Description of the task: Apart from the images, repeat the data below exactly as written.

Dataset section:
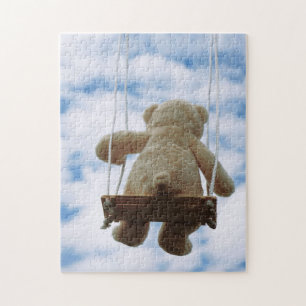 Beertje op schommel met bewolkte blauwe lucht. legpuzzel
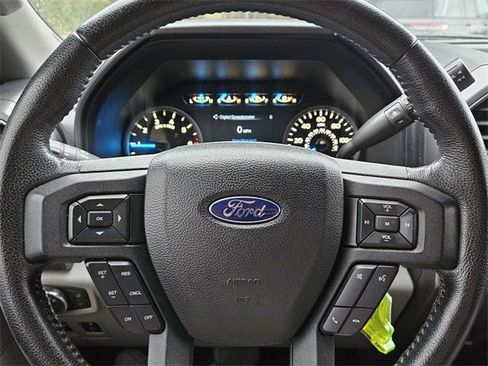 Used 2015 Ford F150 XLT w/ Equipment Group 302A Luxury image 11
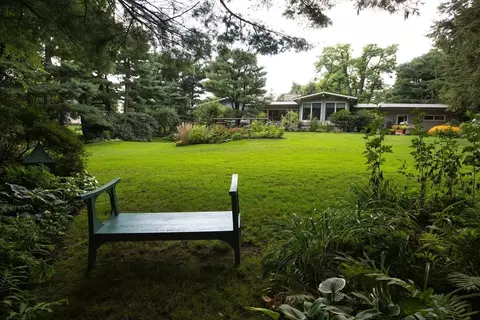 Exterior - 474 Salisbury St, Worcester, MA 01609 photo 2 of 6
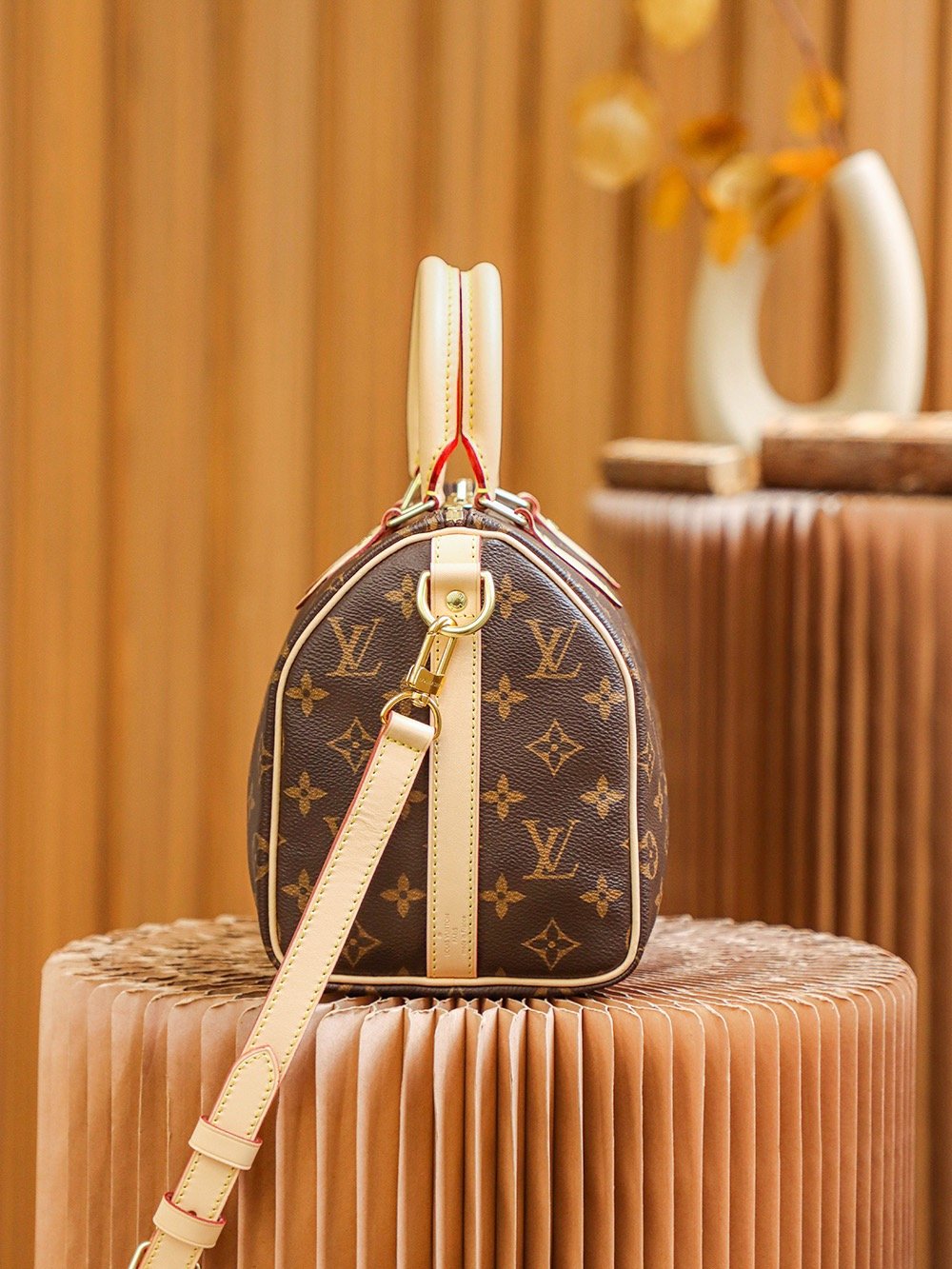 LV  SPEEDY BANDOULIÈRE 25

Reply:
 Beertje op schommel met bewolkte blauwe lucht. legpuzzel
 Used 2015 Ford F150 XLT w/ Equipment Group 302A Luxury image 11
 Exterior - 474 Salisbury St, Worcester, MA 01609 photo 2 of 6
 LV  SPEEDY BANDOULIÈRE 25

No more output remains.